[THE DATA]:

------------------------------------

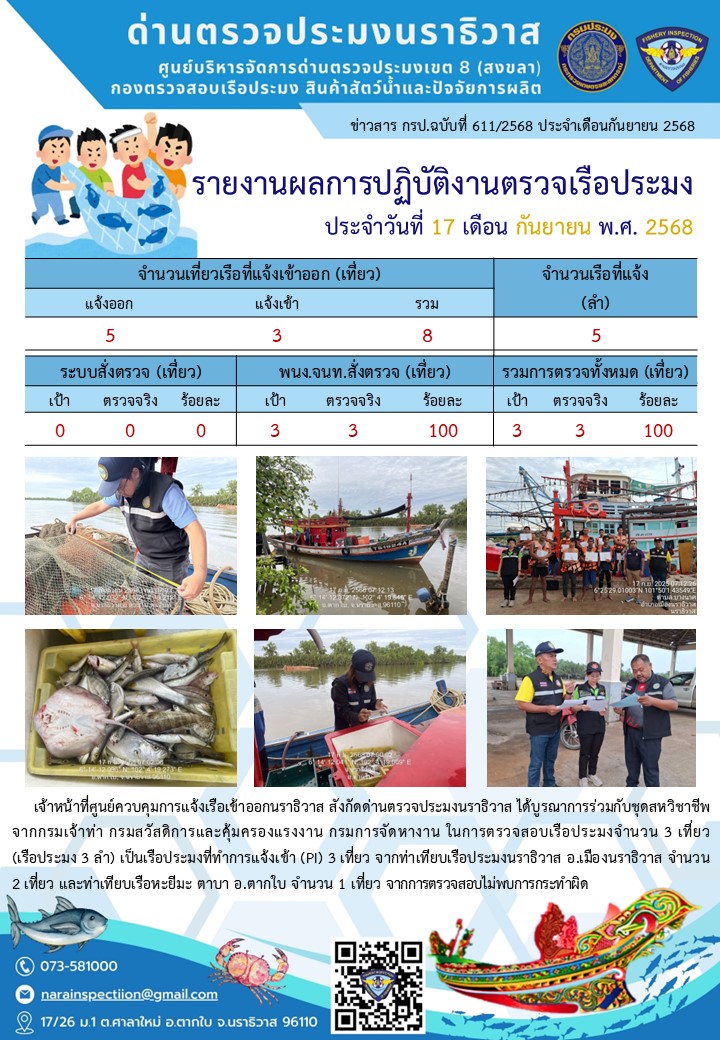 ประชาสัมพันธ์ด่านตรวจประมงนราธิวาส ประจำวันที่ 17 กันยายน 2568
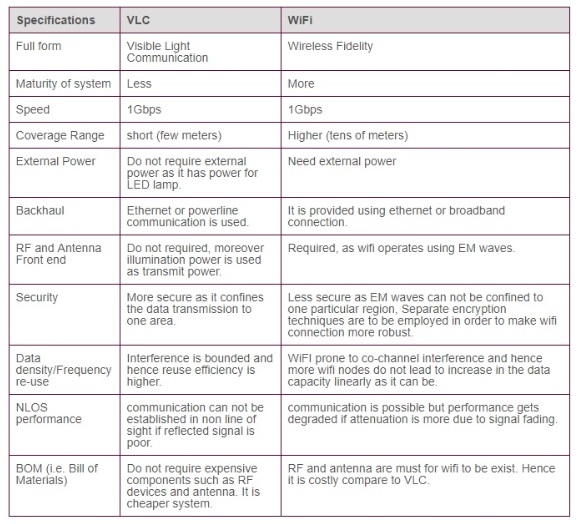 LiFi vs WiFi | Perbedaan antara LiFi dan WiFi 3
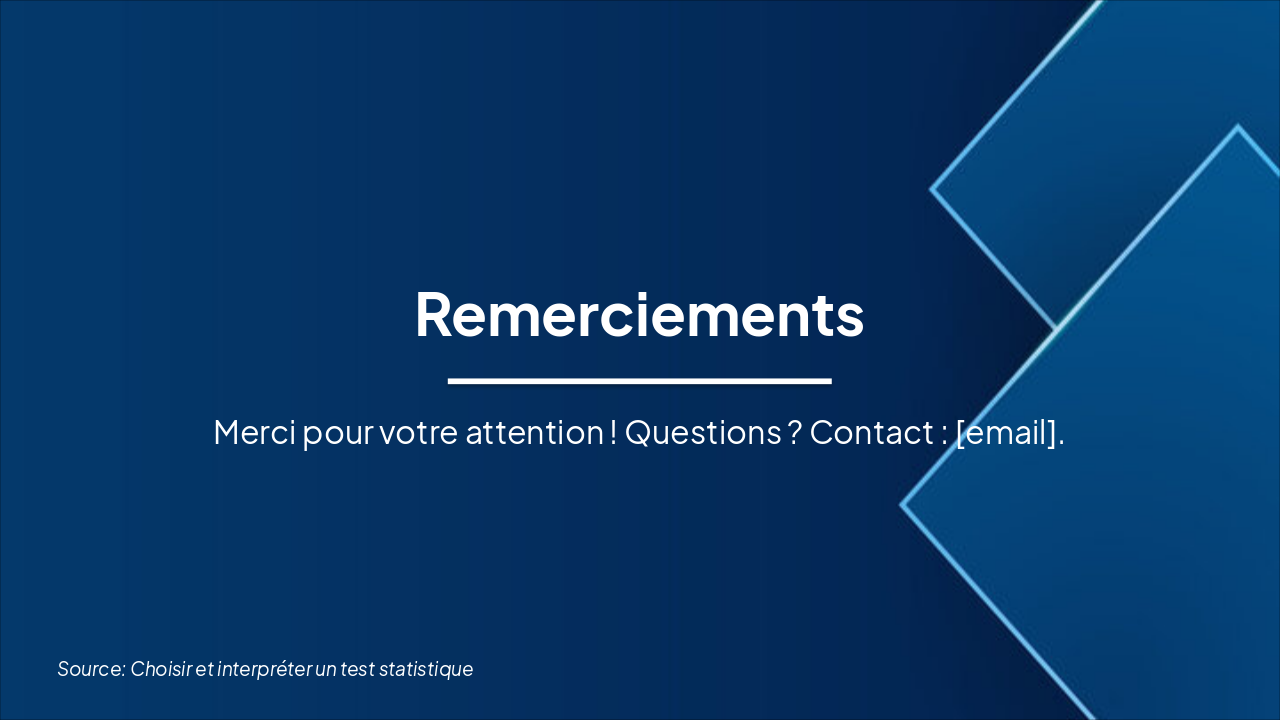 Slide 13 - Remerciements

------------------------------------

[TASK GOAL]:
A word-for-word restatement of all the lines above is needed, with the pictures omitted.

[RESPONSE AREA]:
 ประชาสัมพันธ์ด่านตรวจประมงนราธิวาส ประจำวันที่ 17 กันยายน 2568
 LiFi vs WiFi | Perbedaan antara LiFi dan WiFi 3
 Slide 13 - Remerciements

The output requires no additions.